* Problem *
Only one stretch of the listing below is wanted. Begin at the line that has "Ethiopia: 10-Day Bird", stop after the line that has "공원에 마리의 코뿔소 — 비디오", and repeat every line in between exactly.

* Source data *
☆ ☆ ☆

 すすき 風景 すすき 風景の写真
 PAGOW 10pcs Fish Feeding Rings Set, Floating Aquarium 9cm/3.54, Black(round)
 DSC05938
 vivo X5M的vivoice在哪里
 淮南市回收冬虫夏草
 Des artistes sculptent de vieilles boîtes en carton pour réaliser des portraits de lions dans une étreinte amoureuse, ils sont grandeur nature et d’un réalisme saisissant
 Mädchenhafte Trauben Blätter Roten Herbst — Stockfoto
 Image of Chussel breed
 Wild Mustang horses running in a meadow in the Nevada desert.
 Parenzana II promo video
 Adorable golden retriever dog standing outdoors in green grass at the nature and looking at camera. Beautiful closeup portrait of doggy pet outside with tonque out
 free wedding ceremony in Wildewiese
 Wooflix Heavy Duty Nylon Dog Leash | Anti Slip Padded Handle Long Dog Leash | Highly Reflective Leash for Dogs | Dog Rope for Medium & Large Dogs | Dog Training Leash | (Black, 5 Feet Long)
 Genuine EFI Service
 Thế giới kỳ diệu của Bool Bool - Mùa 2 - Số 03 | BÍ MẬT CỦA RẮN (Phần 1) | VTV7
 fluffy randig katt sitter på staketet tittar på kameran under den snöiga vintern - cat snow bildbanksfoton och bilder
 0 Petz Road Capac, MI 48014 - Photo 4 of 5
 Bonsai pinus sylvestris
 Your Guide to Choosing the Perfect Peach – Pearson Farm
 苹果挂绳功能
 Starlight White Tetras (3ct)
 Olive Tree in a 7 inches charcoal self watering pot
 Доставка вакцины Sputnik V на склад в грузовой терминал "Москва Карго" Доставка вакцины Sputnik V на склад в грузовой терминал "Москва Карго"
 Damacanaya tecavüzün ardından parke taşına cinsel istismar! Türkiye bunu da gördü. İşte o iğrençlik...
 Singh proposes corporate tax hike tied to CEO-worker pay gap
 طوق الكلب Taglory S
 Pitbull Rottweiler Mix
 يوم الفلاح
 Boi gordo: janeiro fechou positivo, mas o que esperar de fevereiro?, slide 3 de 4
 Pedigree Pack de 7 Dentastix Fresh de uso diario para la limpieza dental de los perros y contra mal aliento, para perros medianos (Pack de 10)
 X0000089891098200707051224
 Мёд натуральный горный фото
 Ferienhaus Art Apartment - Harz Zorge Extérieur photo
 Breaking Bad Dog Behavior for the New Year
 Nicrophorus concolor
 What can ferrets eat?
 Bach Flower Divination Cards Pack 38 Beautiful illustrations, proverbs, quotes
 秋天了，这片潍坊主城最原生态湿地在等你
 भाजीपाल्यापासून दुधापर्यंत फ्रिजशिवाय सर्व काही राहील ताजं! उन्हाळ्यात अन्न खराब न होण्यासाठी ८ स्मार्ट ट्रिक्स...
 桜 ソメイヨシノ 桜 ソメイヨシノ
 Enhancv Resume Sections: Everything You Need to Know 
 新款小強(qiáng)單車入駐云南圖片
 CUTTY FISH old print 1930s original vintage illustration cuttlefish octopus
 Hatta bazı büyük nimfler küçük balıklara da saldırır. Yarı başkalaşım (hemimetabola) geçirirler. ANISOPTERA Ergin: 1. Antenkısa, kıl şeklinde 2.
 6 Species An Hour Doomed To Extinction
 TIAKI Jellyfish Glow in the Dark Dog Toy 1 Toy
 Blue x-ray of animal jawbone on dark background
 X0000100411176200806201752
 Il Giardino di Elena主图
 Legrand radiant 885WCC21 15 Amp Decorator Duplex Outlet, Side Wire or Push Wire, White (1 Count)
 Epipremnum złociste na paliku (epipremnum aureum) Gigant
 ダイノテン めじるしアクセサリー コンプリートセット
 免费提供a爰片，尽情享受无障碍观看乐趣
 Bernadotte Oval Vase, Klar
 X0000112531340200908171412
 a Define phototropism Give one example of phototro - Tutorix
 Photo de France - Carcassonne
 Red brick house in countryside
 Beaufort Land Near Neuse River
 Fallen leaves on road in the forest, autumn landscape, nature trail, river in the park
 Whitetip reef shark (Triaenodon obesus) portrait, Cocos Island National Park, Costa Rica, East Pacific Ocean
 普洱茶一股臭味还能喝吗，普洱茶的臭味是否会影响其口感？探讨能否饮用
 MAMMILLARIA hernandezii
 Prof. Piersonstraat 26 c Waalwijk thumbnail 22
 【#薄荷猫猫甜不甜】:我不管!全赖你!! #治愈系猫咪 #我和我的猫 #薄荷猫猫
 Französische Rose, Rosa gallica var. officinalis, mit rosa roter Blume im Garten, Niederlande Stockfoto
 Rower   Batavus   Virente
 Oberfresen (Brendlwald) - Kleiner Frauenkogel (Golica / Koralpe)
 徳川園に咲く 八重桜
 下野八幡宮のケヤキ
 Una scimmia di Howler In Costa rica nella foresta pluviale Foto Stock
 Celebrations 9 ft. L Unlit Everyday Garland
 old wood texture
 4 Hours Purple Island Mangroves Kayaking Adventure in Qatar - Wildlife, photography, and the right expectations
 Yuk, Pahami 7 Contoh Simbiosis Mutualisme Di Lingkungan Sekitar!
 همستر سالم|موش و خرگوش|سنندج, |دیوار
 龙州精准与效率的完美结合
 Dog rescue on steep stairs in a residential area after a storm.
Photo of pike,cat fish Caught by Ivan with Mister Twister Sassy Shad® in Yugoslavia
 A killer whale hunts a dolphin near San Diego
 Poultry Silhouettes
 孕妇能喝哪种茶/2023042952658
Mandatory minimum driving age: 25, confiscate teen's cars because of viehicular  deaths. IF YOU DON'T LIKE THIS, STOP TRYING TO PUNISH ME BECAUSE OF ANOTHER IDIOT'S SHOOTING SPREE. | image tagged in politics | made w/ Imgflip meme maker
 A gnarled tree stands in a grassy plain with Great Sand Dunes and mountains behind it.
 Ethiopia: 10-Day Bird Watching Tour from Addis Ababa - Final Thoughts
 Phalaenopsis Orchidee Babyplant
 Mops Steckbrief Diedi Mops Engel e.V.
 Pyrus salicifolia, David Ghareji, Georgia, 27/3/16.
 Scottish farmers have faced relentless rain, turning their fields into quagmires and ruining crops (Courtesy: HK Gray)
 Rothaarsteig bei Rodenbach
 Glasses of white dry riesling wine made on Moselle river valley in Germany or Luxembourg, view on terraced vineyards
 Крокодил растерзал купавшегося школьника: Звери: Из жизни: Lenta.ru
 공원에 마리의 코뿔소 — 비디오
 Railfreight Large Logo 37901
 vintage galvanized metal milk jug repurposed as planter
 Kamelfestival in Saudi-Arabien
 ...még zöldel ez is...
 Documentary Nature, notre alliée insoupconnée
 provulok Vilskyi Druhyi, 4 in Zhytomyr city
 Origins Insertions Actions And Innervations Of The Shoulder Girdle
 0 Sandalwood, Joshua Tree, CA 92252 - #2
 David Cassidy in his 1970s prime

☆ ☆ ☆

* Task output *
 Ethiopia: 10-Day Bird Watching Tour from Addis Ababa - Final Thoughts
 Phalaenopsis Orchidee Babyplant
 Mops Steckbrief Diedi Mops Engel e.V.
 Pyrus salicifolia, David Ghareji, Georgia, 27/3/16.
 Scottish farmers have faced relentless rain, turning their fields into quagmires and ruining crops (Courtesy: HK Gray)
 Rothaarsteig bei Rodenbach
 Glasses of white dry riesling wine made on Moselle river valley in Germany or Luxembourg, view on terraced vineyards
 Крокодил растерзал купавшегося школьника: Звери: Из жизни: Lenta.ru
 공원에 마리의 코뿔소 — 비디오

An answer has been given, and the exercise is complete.